“Let us be going,” I said at last.

“She might be here; she might be in the little plantation!” he said (and still in the melancholy and quiet of the place we talked in whispers).

“Could you not give a call, a signal?” he asked; and I had mind of the call I had once taught her, the doleful pipe of the curlew.

I gave it with hesitancy to the listening night. It came back an echo from the hills, but brought no other answer.

A wild bird roosting somewhere in the ruined house flapped out by the door and over us. I am not a believer in the ghostly—at least to the extent of some of our people; yet I was alarmed, till my reason came to me and the badinage of the professors at college, who had twitted me on my fears of the mischancy. But M’Iver clutched me by the shoulder in a frenzy of terror. I could hear his teeth chittering as if he had come out of the sea.

“Name of God!” he cried, “what was yon?”

“But a night-hag,” said I.

He was ashamed of his weakness; but the night, as he said, had too many holes in it for his fancy.

And so we went on again across the hill-face in the sombre gloaming. It was odd that the last time I had walked on this hillside had been for a glimpse of that same girl we sought to-night. Years ago, when I was a lad, she had on a summer been sewing with a kinswoman in Car-lunnan, the mill croft beside a linn of the river, where the salmon plout in a most wonderful profusion, and I had gone at morning to the hill to watch her pass up and down in the garden of the mill, or feed the pigeons at the round doo-cot, content (or wellnigh content) to see her and fancy the wind in her tresses, the song at her lip.
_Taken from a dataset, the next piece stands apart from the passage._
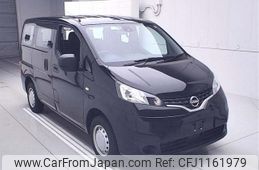 nissan nv200-vanette 2022 -NISSAN--NV200 VM20-193783---NISSAN--NV200 VM20-193783-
In these mornings the animals of the hill and the wood and I were friendly; they guessed somehow, perhaps, no harm was in my heart: the young roes came up unafraid, almost to my presence, and the birds fluttered like comrades about me, and the little animals that flourish in the wild dallied boldly in my path. It was a soft and tranquil atmosphere, it was a world (I think now) very happy and unperplexed. And at evening, after a hurried meal, I was off over the hills to this brae anew, to watch her who gave me an unrest of the spirit, unappeasable but precious. I think, though the mornings were sweet, ‘twas the eve that was sweeter still. All the valley would be lying soundless and sedate, the hills of Salachary and the forest of Creag Dubh purpling in the setting sun, a rich gold tipping Dunchuach like a thimble. Then the eastern woods filled with dark caverns of shade, wherein the tall trunks of the statelier firs stood grey as ghosts. What was it, in that precious time, gave me, in the very heart of my happiness, a foretaste of the melancholy of coming years? My heart would swell, the tune upon my lip would cease, my eyes would blur foolishly, looking on that prospect most magic and fine. Rarely, in that happy age, did I venture to come down and meet the girl, but—so contrary is the nature of man!—the day was happier when I worshipped afar, though I went home fuming at my own lack of spirit.

To-day, my grief! how different the tale! That bygone time loomed upon me like a wave borne down on a mariner on a frail raft, the passion of the past ground me inwardly in a numb pain.